= Helly space =

In mathematics, and particularly functional analysis, the Helly space, named after Eduard Helly, consists of all monotonically increasing functions ƒ : [0,1] → [0,1], where [0,1] denotes the closed interval given by the set of all x such that 0 ≤ x ≤ 1. In other words, for all 0 ≤ x ≤ 1 we have 0 ≤ ƒ(x) ≤ 1 and also if x ≤ y then ƒ(x) ≤ ƒ(y).

Let the closed interval [0,1] be denoted simply by I. We can form the space I^{I} by taking the uncountable Cartesian product of closed intervals:
$I^I = \prod_{i \in I} I_i$
The space I^{I} is exactly the space of functions ƒ : [0,1] → [0,1]. For each point x in [0,1] we assign the point ƒ(x) in I_{x} = [0,1].

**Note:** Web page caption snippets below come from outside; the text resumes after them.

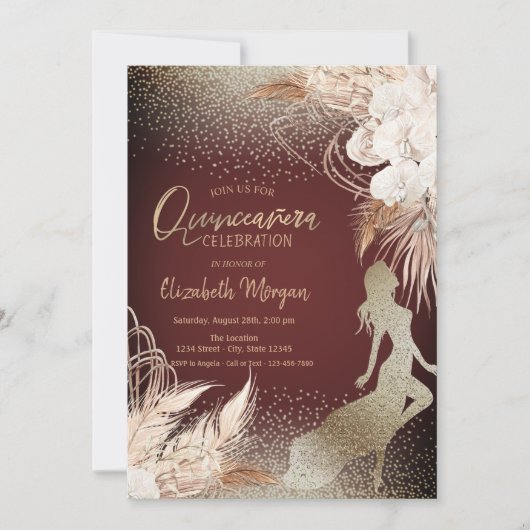 Girl Silhouette, Floral Boho Blume Pampas Grass Einladung (Vorderseite)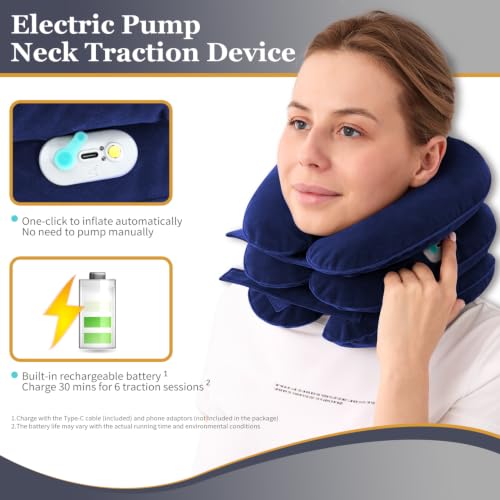 Electric Pump Cervical Neck Traction Device for Neck Pain Relief, One-Click-to-Inflate Neck Stretcher Support Brace for Home Use Neck Decompression (Built-in Battery & Motor Powered) - color: Battery Model (Blue)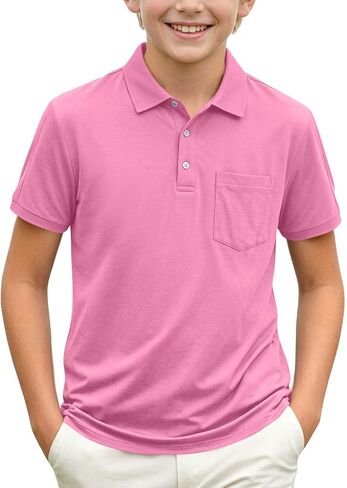 Boys Girls Short Sleeve Polo Shirts Kids School Uniform T-Shirts Summer Casual Tennis Tops with Pocket 2-15 Years in Saudi Arabia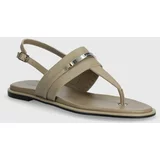 Calvin Klein Usnjeni sandali FLAT TP SANDAL METAL BAR LTH ženski, bež barva, HW0HW02031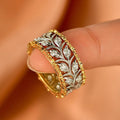 Two Tone Metal Wheat Leaf Ring With Inlaid Zircon, Elegant High Fashion Statement Finger Jewelry view 2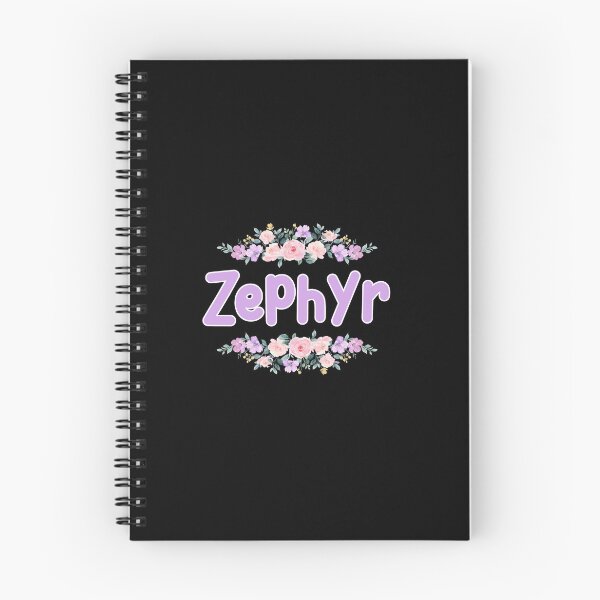 Item preview, Purple Flower Zephyr Name Label (Black) designed and sold by NormadWorld.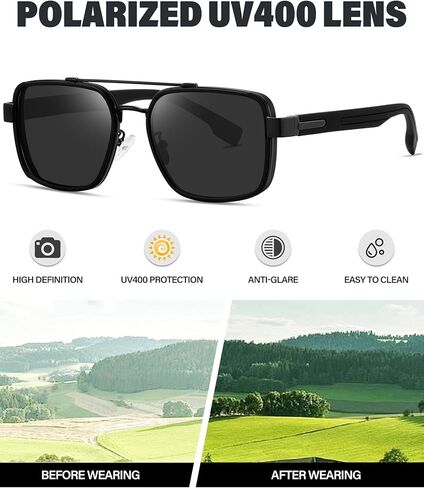 نظارات شمسية Joopin Square Aviator للرجال والنساء نظارات شمسية كلاسيكية مستقطبة للحماية من الأشعة فوق البنفسجية وظلال جسر مزدوج in Kuwait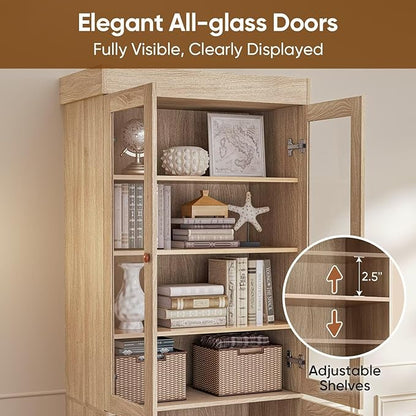 Vyre 71" Tall Farmhouse Bookshelves with Glass Doors, Set of 3 – Large Modular Bookcase with Adjustable Shelves, Storage Cabinet for Living Room, Kitchen, Home Office, Brown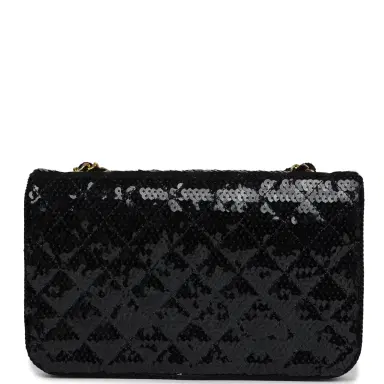 Chanel Vintage Chanel Small Flap Bag Black Sequin Gold Hardware | Thumbnail 4 Chanel Vintage Chanel Small Flap Bag Black Sequin Gold Hardware | Thumbnail 4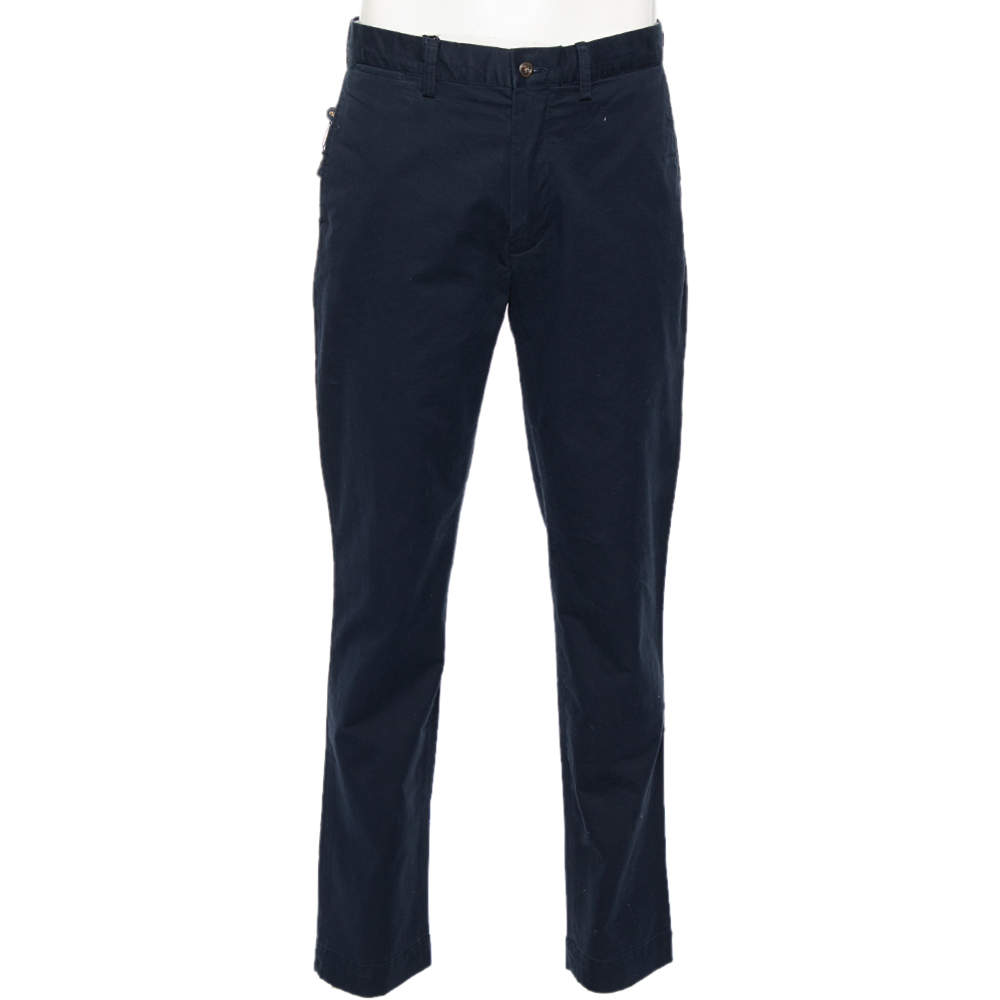 Polo Ralph Lauren Navy Blue Cotton Classic Fit Formal Pants L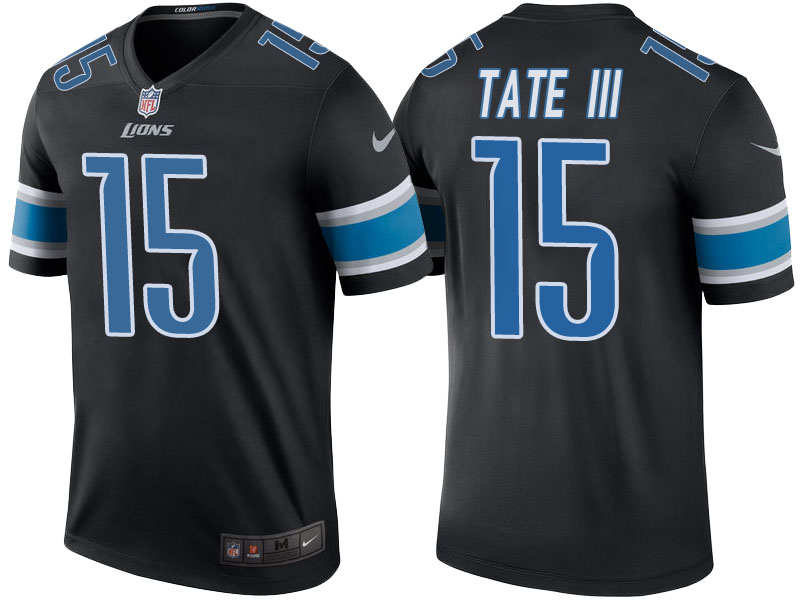 Detroit Lions #15 Golden Tate III Black Color Rush Legend Jersey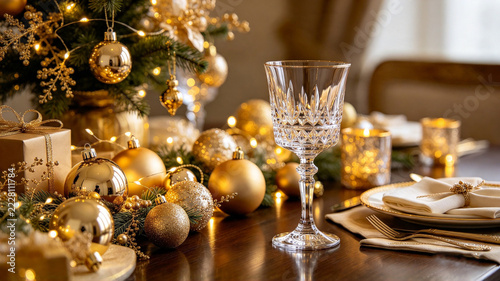 An elegant, clear cup sits atop a table decorated for Christmas, exuding a luxurious, golden aesthetic.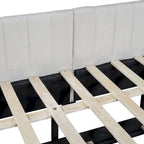 Full Size Upholstered Daybed with Trundle Sofa Bed Frame No Box Spring Needed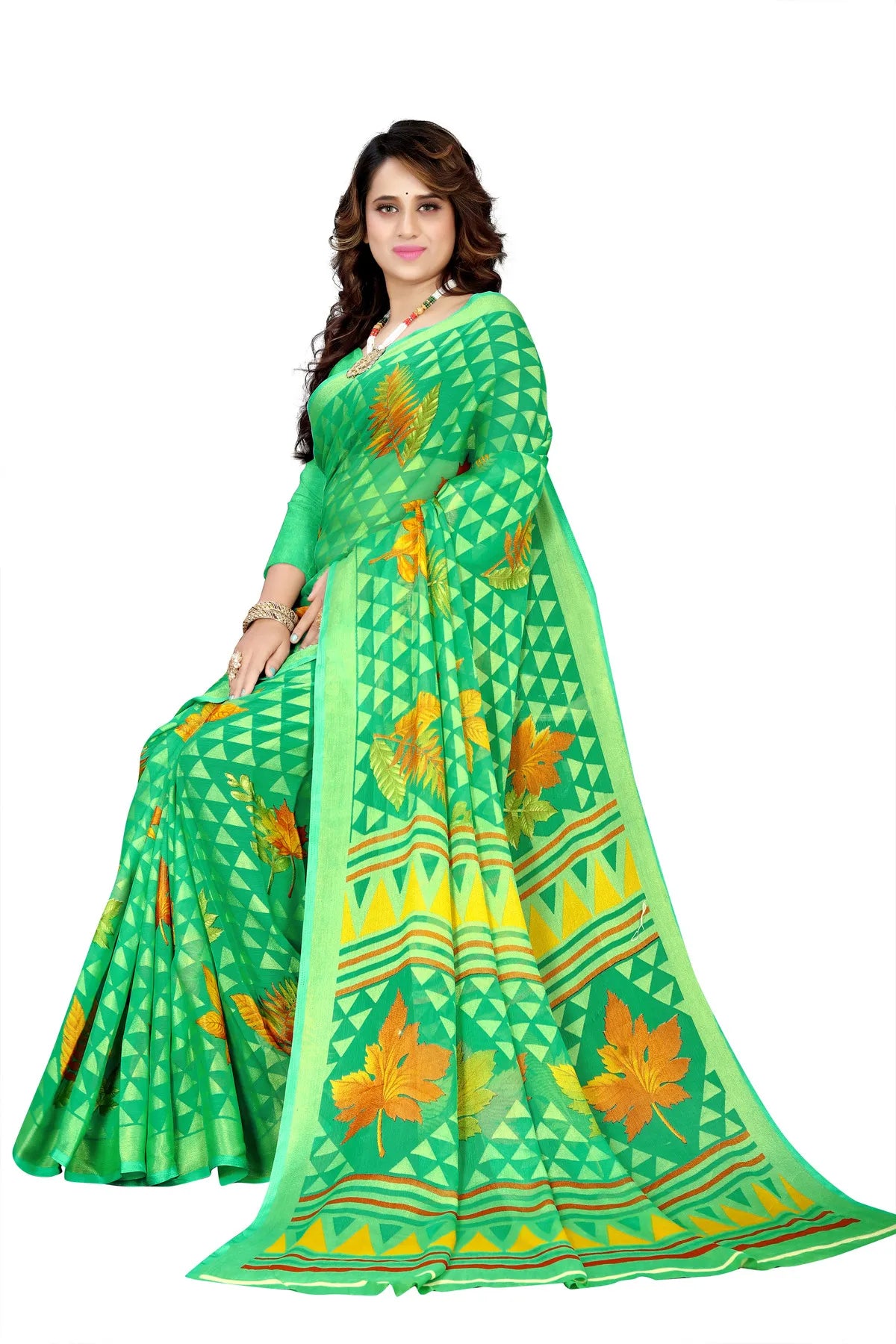 Glimmering Threads: Exquisite Silk Sarees for Women's (SAREE D5-GREEN)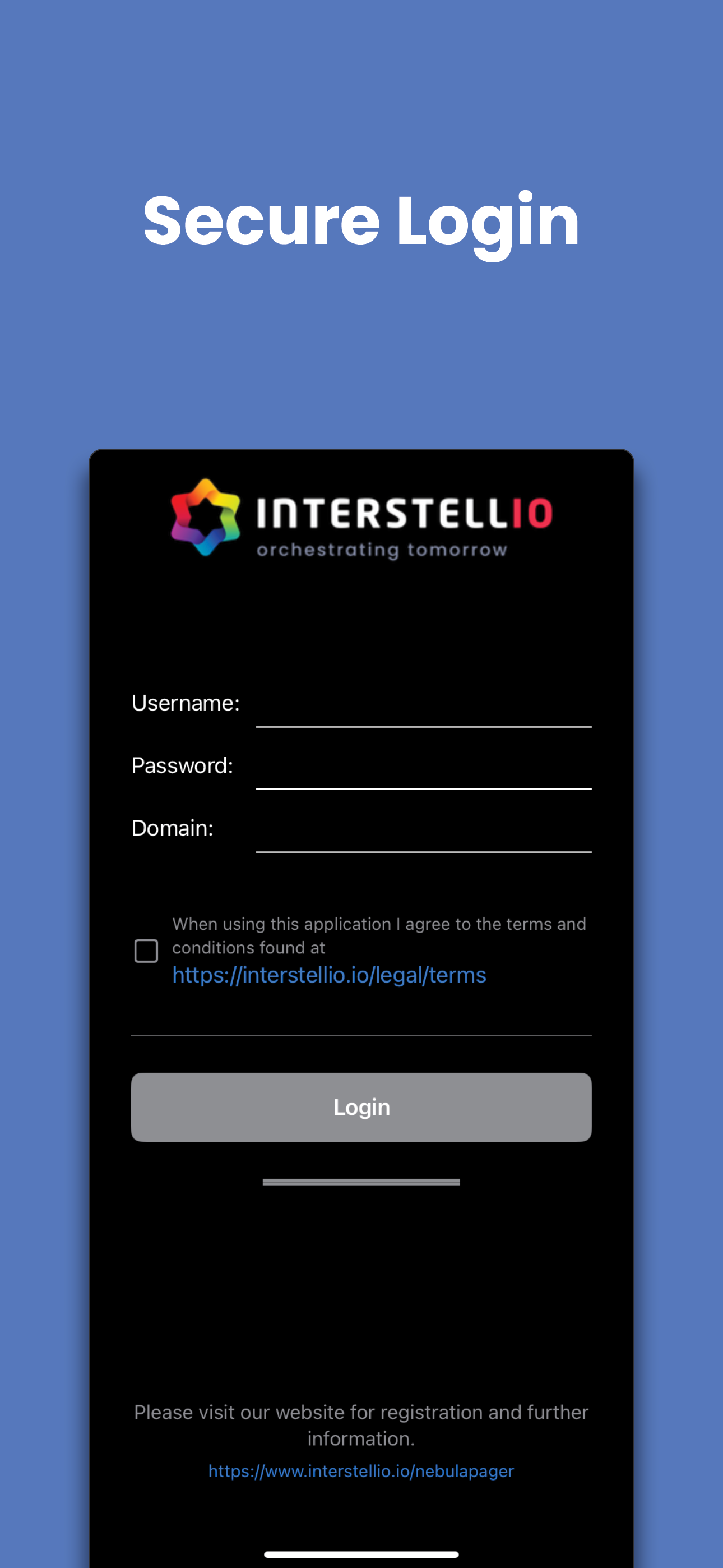 NebulaPager login screen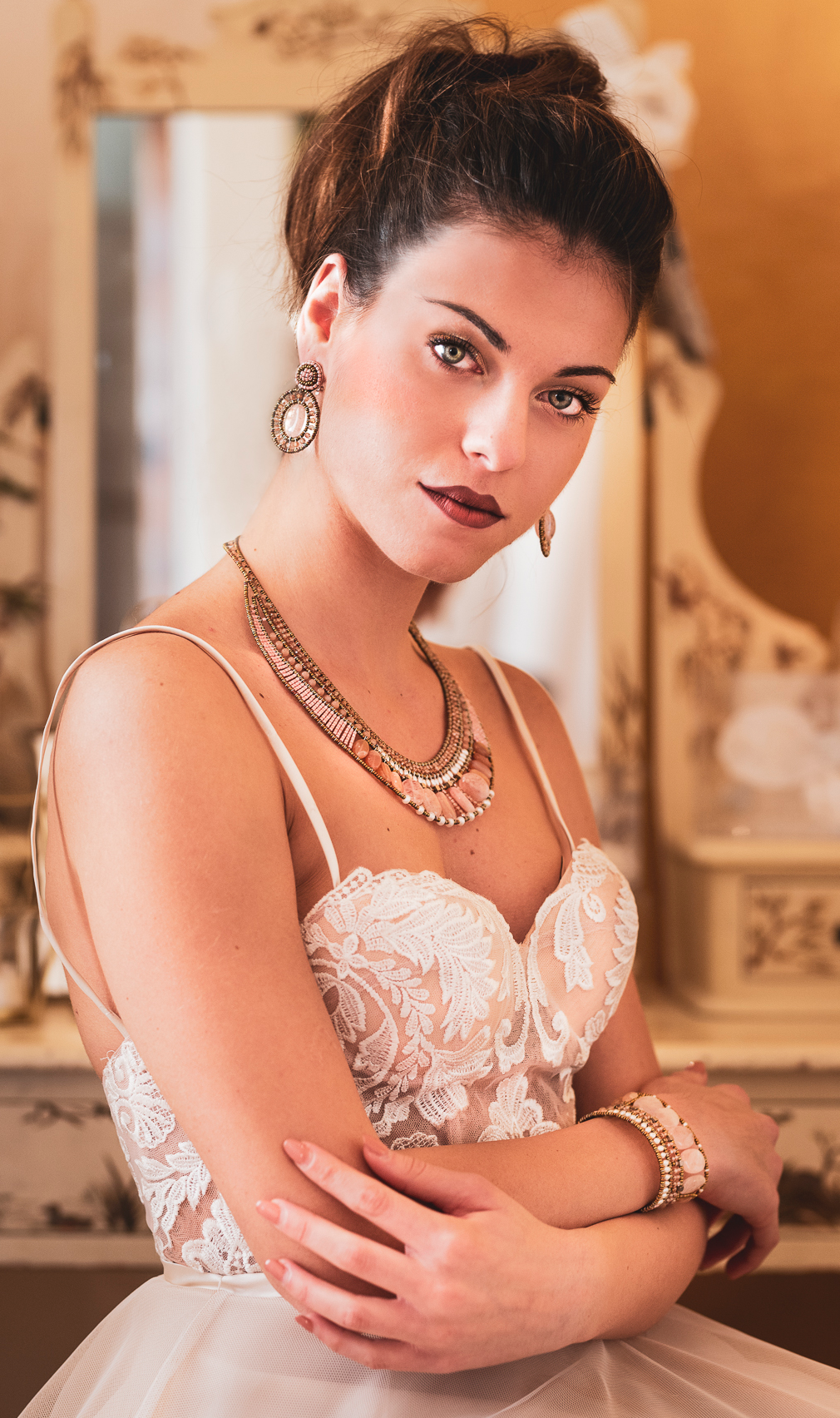 Ziio Pink Morganite, Moonstone & Zircon Necklace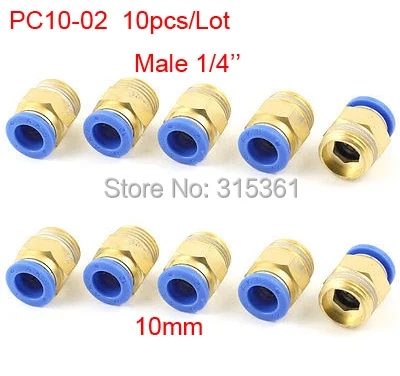

Free Shipping 10PCS Male Connector Tube OD 10mm X 1/4'' Pneumatic Quick Release Air Fitting PC10-02
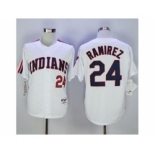 mlb jerseys cleveland indians #24 ramirez white[m&n 1978][ramirez]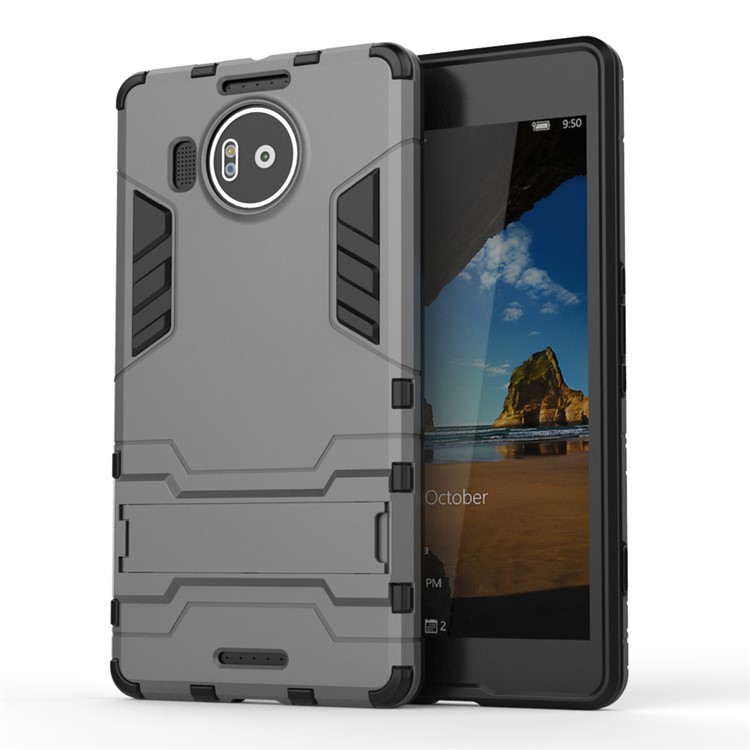 Solid PC + TPU Hybrid Shell Case with Kickstand for Microsoft Lumia 950 XL - Grey-1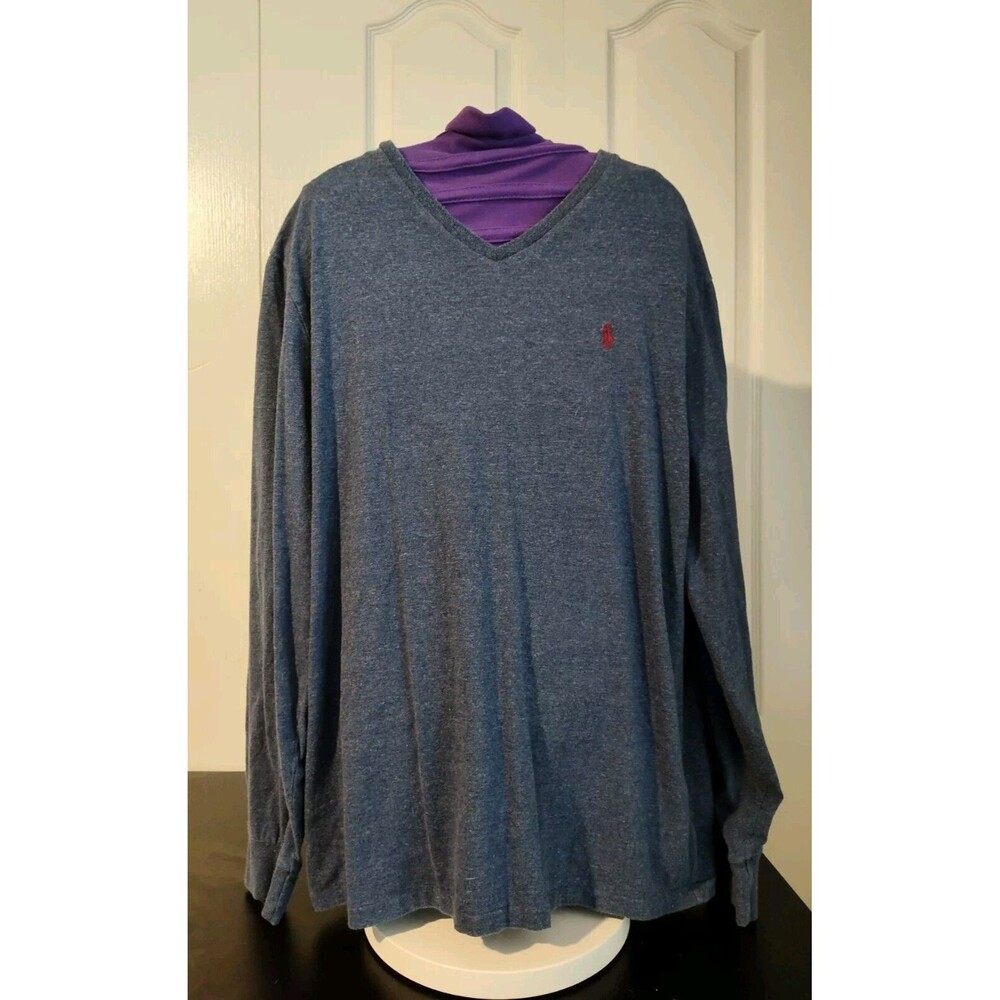 Polo Ralph Lauren Shirt Men's Large V-Neck Long Sleeve T-Shirt Soft Cotton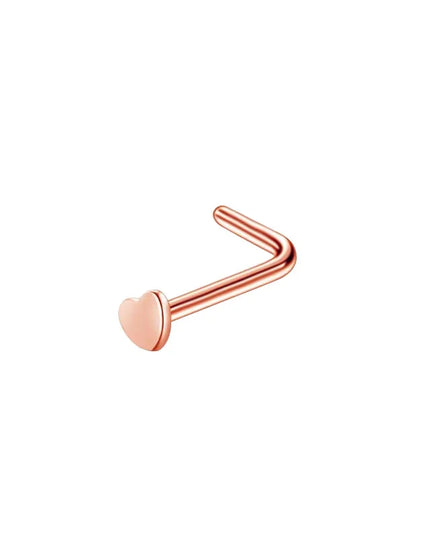 1pc Screw Curved Prong Nose Studs Rosegold Nose Rings Body Piercing jewelry Small Earrings For Women Gilrs Nostril Piercings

Helly's space is convex as a subset of $\mathbb{R}^{[0,1]}$.

== Topology ==

The Helly space is a subset of I^{I}. The space I^{I} has its own topology, namely the product topology. The Helly space has a topology; namely the induced topology as a subset of I^{I}. It is normal Haudsdorff, compact, separable, and first-countable but not second-countable.